The documentation applies to sharing encrypted files between users who log
onto the same computer--in other words, both users have profiles and EFS
certificates/keys on the same PC. If you want to enable the users to access
those local files from a second computer, you must configure the first
computer to be trusted for delegation and share out the files.

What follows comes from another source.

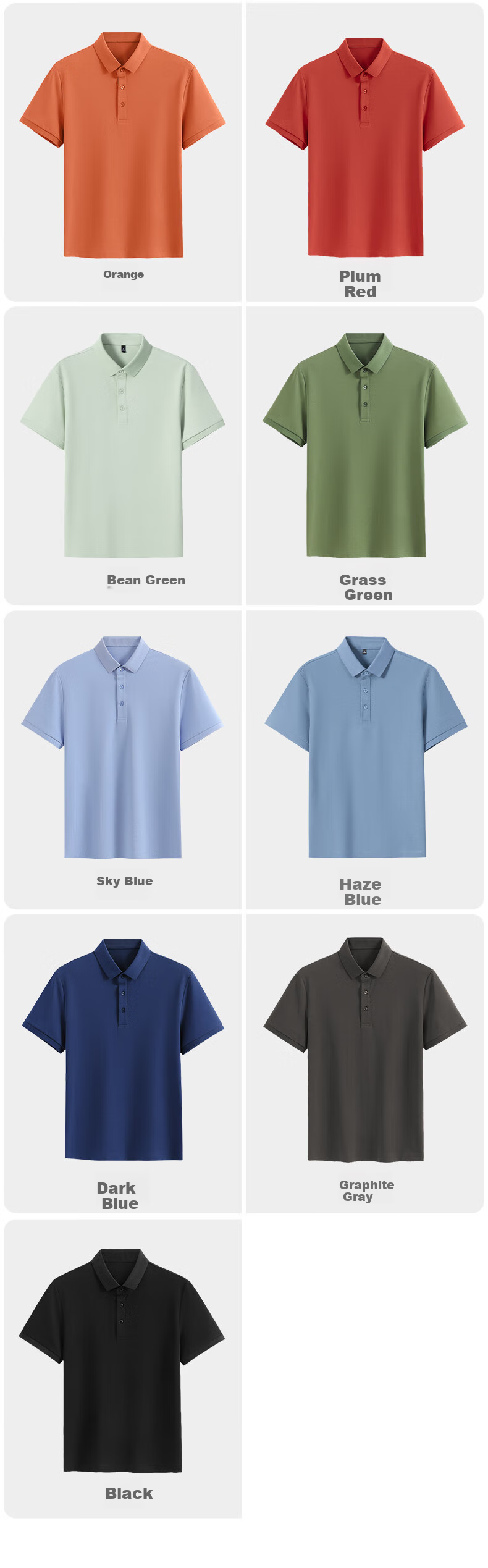 Wendao City Elite Men's Polo Shirt, Honeycomb Silk-Like Pique Fabric, Summer Business Casual, Turn-Down Collar Short Sleeve, Navy Blue, Size L 10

If you want to share files that have been encrypted on a remote server, you
will have more success by using roaming profiles for the users. Configure
the profiles to be roaming, log onto a domain PC as each user and
install/create an EFS certificate for the user (encrypt a file), and then
publish that certificate to the AD (so it can be added to files). When the
user encrypts a file on the remote server for the first time, the server will
use the certificate from the user's roaming profile. Be sure when you are
adding users' certificates to remote files on the server that you are adding
the certificates that are stored in their roaming profiles.

Hope that helps.
Pat

 

[Rilje]

I'm running WindowsXP, SP2 on a LAN w/ a Win2K server acting as domain and
exchange server running small business server 2003.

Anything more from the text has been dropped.